Truth be told, the same alum which I initially gave a 10/10 for the Pitchfork application soon turned into one of my least favorite record from the band. The perfect rating was more based on the hope that the quality would equal the level of anticipation held for months before the release.  I believe the world would implode if “All Of A Sudden I Miss Everyone” was anything worse than mediocre. I look through pictures of the “Take Care Take Care Take Care” vinyl packaging boasting a foldable 3d version of the album cover. If “Take Care, Take Care, Take Care” came out in 2007 it would always be folded in its deluxe edition, sitting on a shelf, being my central point of focus while I laving on the floor of my college apartment.

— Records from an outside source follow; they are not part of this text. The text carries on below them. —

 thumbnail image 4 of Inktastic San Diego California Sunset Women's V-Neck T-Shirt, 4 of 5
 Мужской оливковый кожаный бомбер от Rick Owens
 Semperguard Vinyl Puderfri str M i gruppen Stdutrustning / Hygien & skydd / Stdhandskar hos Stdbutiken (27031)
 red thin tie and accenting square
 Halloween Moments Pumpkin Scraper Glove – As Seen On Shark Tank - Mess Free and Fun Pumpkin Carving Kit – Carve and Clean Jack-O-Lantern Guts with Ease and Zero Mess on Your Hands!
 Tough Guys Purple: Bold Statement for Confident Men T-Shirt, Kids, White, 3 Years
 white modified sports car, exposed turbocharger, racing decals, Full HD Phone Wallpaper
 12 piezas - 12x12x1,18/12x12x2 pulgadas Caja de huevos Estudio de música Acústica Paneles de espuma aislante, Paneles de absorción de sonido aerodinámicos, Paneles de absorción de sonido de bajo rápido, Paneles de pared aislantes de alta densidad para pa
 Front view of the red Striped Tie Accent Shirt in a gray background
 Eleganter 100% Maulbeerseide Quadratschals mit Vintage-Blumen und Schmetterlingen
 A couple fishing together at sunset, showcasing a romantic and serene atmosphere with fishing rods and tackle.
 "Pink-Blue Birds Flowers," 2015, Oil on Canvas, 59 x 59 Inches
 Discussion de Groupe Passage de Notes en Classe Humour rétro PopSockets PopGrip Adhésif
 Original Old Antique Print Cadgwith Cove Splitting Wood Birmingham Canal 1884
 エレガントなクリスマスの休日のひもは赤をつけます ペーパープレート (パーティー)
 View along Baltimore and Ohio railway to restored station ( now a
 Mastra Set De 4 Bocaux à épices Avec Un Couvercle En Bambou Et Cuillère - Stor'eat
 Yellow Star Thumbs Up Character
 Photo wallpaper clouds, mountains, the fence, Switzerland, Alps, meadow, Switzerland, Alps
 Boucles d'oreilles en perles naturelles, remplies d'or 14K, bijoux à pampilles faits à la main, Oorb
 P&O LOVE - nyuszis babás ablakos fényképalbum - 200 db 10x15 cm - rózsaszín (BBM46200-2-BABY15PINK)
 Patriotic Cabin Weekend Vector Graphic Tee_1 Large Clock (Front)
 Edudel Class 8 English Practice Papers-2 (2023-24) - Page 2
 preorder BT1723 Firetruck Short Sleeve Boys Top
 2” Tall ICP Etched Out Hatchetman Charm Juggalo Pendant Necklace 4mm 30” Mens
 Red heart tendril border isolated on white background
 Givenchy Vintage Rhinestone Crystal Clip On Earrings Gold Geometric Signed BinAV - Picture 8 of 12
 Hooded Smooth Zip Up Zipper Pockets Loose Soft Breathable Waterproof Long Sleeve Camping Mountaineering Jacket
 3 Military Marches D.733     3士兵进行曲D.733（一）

Explosions In The Sky’s Take Care, Take Care, Take Care Tracklist:

  1. “Last Known Surroundings” – 8:22
  2. “Human Qualities” – 8:10
  3. “Trembling Hands” – 3:31
  4. “Be Comfortable, Creature” – 8:48
  5. “Postcard from 1952” – 7:07
  6. “Let Me Back In” – 10:07
Explosions In the Sky - Take Care, Take Care, Take Care, reviewed by Kaptain Carbon on 2011-04-12T16:28:41+00:00 rating 3.2 out of 5



2 Responses about “Explosions In the Sky – Take Care, Take Care, Take Care”

  • Bryce says:

    More of a great thing shouldnt disappoint as much as you lend it too. If this album was released in 2003 before TEINACDP would you have given it a 10/10 for being great? 7 years does not change great music. If this is just an extension of previous works, then so be it. to me that can still be great music. I dont ask that EITS tries to expand the genera or step into new shoes or transcend media in new ways, all i ask is for them to make great music…. and they did that here

  • Ben says:

    @Bryce
    Call it the Radiohead’s razor. When a band demonstrates the ability to create genre defining or changing music they are held to a higher standard. I don’t disagree with you that’s inherently unjust, but it’s the burden of greatness.
    Additionally I think the point Carbon made about TEINACDP is that it was during a time in college where his mind was being open to a different philosophical views and that EITS was a conduit into that mental exploration. As such he naturally viewed it as more significant at that time than he objectively would now. I guess that would allude to the thought that if EITS didn’t act in that fashion than whatever was next in his post rock quiver probably would have seemed more significant. I don’t thin it’s a knock on EITS just a comment about growing up through music. Hell I used to think Tool songs held the meanings to life.